Platforms like WeTransfer—and others—have figured out the magic words: Don’t say you’re using data to train AI. Don’t say you’re not using it either. Instead, claim a sweeping license to do anything necessary to “develop or improve the service.”

That vague phrasing allows future pivots. It’s not a denial. It’s a delay. And to delay is to deny.

That’s what makes it Schrödinger’s training clause: Your content isn’t being used for AI. Unless it is. And you won’t know until someone leaks it, or a lawsuit makes discovery public.

The Scrape-Then-Scrub Scenario

Let’s reconstruct what could have happened–not saying it did happen, just could have–following the timeline in The Register:

1. Early July 2025: WeTransfer silently updates its Terms of Service to include AI training rights.

2. Users continue uploading sensitive or valuable content.

3. [Somebody’s] AI systems quickly ingest that data under the granted license.

4. Public backlash erupts mid-July.

5. WeTransfer removes the clause—but to my knowledge never revokes the license retroactively or promises to delete what was scraped. In fact, here’s their statement which includes this non-denial denial: “We don’t use machine learning or any form of AI to process content shared via WeTransfer.” OK, that’s nice but that wasn’t the question. And if their TOS was so clear, then why the amendment in the first place?

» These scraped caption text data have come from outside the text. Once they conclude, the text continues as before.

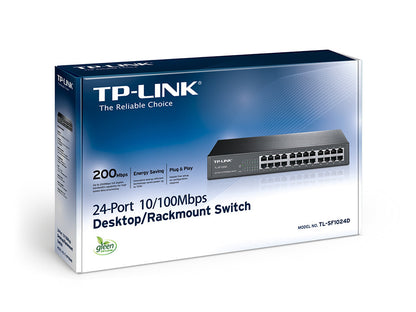 TP-Link 24-port 10/100Mbps Desktop/Rackmount Network Switch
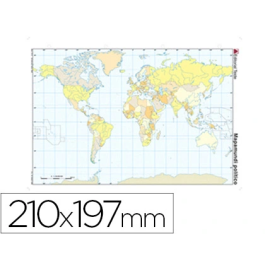 Teide Mapa Mudo Color Din A4 Planisferio Político 210 x 297 mm Precio: 24.49999968. SKU: B1GCRE2WBP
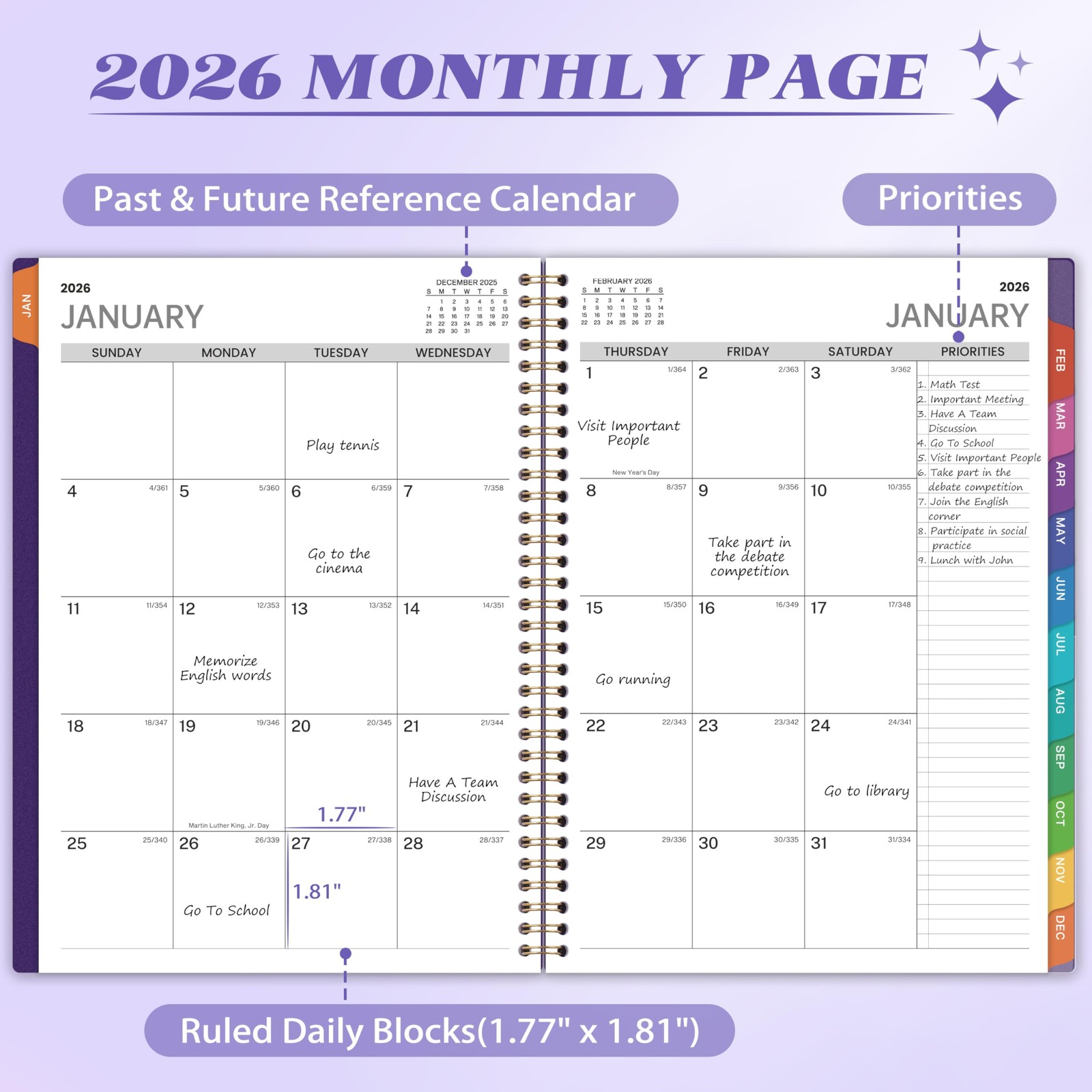 2026 Appointment Book/Planner – 8.2″ x 11″, Daily Planner 2026 from Jan. 2026…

Here’s the Potential Legal Catch

Even if WeTransfer removed the clause later, any ingestion that occurred during the ‘AI clause window’ is arguably still valid under the terms then in force. As far as I know, they haven’t promised:

– To destroy any trained models

– To purge training data caches

– Or to prevent third-party partners from retaining data accessed lawfully at the time

What Would ‘Undoing’ Scraping Require?

– Audit logs to track what content was ingested and when

– Reversion of any models trained on user data

– Retroactive license revocation and sub-license termination

None of this has been offered that I have seen.

What ‘We Don’t Train on Your Data’ Actually Means

When companies say, “we don’t use your data to train AI,” ask:

– Do you have the technical means to prevent that?

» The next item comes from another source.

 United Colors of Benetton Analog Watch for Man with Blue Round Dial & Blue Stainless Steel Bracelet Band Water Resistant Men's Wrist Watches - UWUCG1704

– Is it contractually prohibited?

– Do you prohibit future sublicensing?

– Can I audit or opt out at the file level?

If the answer to those is “no,” then the denial is toothless.

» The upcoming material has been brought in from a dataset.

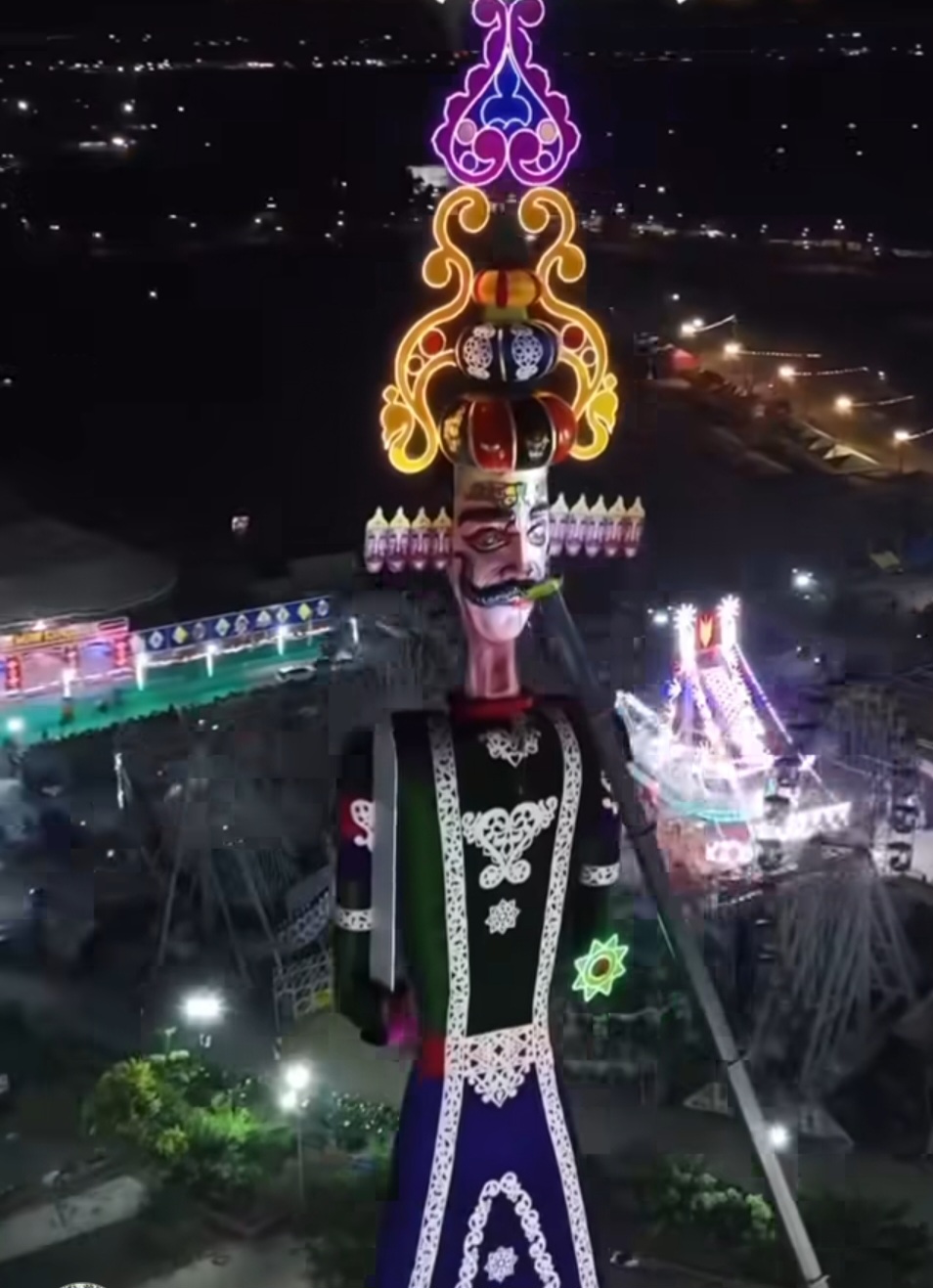 2025 में सबसे ऊंचा रावण कहां का है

How Creators Can Fight Back

1. Use platforms that require active opt-in for AI training.

2. Encrypt files before uploading.

3. Include counter-language in contracts or submission terms:

   “No content provided may be used, directly or indirectly, to train or fine-tune machine learning or artificial intelligence systems, unless separately and explicitly licensed for that purpose in writing” or something along those lines.

4. Call it out. If a platform uses Schrödinger’s language, name it. The only thing tech companies fear more than litigation is transparency.

What is to Be Done?

The most dangerous clauses aren’t the ones that scream “AI training.” They’re the ones that whisper, “We’re just improving the service.”

If you’re a creative, legal advisor, or rights advocate, remember: the future isn’t being stolen with force. It’s being licensed away in advance, one unchecked checkbox at a time.

And if a platform’s only defense is “we’re not doing that right now”—that’s not a commitment. That’s a pause.

That’s Schrödinger’s training clause.